◆ **Available data**:
■ ■ ■
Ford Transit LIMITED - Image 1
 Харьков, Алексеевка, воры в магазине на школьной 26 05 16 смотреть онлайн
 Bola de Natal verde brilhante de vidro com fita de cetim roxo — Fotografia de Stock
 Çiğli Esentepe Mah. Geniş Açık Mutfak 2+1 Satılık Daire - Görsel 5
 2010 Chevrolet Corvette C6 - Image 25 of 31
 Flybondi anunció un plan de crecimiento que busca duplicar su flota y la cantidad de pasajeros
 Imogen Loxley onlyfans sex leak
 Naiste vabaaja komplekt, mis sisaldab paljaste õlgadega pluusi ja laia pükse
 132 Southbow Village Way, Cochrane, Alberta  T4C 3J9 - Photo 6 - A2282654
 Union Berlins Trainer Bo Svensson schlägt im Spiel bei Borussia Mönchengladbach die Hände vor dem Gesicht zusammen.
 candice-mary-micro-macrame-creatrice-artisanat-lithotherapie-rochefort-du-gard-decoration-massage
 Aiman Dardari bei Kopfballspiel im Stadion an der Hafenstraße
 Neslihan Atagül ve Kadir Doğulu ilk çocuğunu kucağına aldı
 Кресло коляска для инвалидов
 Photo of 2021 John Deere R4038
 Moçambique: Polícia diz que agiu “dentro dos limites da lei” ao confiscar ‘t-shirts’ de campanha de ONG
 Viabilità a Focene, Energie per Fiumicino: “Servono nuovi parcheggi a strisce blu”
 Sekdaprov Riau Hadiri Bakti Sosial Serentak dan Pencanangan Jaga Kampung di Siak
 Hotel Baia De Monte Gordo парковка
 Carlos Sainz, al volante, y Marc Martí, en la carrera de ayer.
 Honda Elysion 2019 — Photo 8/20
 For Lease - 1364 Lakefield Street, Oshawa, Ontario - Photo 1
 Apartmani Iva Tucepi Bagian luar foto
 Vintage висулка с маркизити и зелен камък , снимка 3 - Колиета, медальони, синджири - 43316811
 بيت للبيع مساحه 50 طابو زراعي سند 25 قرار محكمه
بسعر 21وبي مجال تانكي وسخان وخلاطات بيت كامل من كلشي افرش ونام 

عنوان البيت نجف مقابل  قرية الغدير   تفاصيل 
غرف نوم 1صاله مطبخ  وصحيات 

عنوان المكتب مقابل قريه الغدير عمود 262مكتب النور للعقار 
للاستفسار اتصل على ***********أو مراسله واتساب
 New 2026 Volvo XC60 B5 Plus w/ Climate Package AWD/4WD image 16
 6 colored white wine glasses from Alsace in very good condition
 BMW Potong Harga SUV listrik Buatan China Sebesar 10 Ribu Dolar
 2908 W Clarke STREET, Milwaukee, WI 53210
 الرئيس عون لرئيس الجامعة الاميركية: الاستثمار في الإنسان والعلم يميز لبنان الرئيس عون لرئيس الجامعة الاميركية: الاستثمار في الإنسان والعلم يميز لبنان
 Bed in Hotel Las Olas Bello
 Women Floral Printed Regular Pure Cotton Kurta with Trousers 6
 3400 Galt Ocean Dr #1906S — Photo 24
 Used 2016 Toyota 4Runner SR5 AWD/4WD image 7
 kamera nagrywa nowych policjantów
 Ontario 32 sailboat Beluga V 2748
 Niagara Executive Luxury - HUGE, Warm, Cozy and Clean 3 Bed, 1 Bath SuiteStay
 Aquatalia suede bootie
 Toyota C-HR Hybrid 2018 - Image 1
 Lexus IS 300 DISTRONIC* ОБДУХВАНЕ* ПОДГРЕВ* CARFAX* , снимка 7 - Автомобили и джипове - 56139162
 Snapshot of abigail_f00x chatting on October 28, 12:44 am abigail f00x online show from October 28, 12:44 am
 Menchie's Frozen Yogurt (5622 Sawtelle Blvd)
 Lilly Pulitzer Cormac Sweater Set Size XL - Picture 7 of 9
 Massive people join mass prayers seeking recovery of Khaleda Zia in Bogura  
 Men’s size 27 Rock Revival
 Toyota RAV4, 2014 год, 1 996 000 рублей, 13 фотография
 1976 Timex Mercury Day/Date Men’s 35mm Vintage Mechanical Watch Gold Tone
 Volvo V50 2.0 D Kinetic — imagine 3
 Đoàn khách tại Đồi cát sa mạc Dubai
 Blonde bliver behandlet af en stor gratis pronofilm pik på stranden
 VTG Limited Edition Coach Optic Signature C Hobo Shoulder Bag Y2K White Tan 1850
■ ■ ■
◆ **Task details**:
Go through the listing, and whenever a line contains the string "Toyota", copy that line.

◆ **Answer below**:
 Used 2016 Toyota 4Runner SR5 AWD/4WD image 7
 Toyota C-HR Hybrid 2018 - Image 1
 Toyota RAV4, 2014 год, 1 996 000 рублей, 13 фотография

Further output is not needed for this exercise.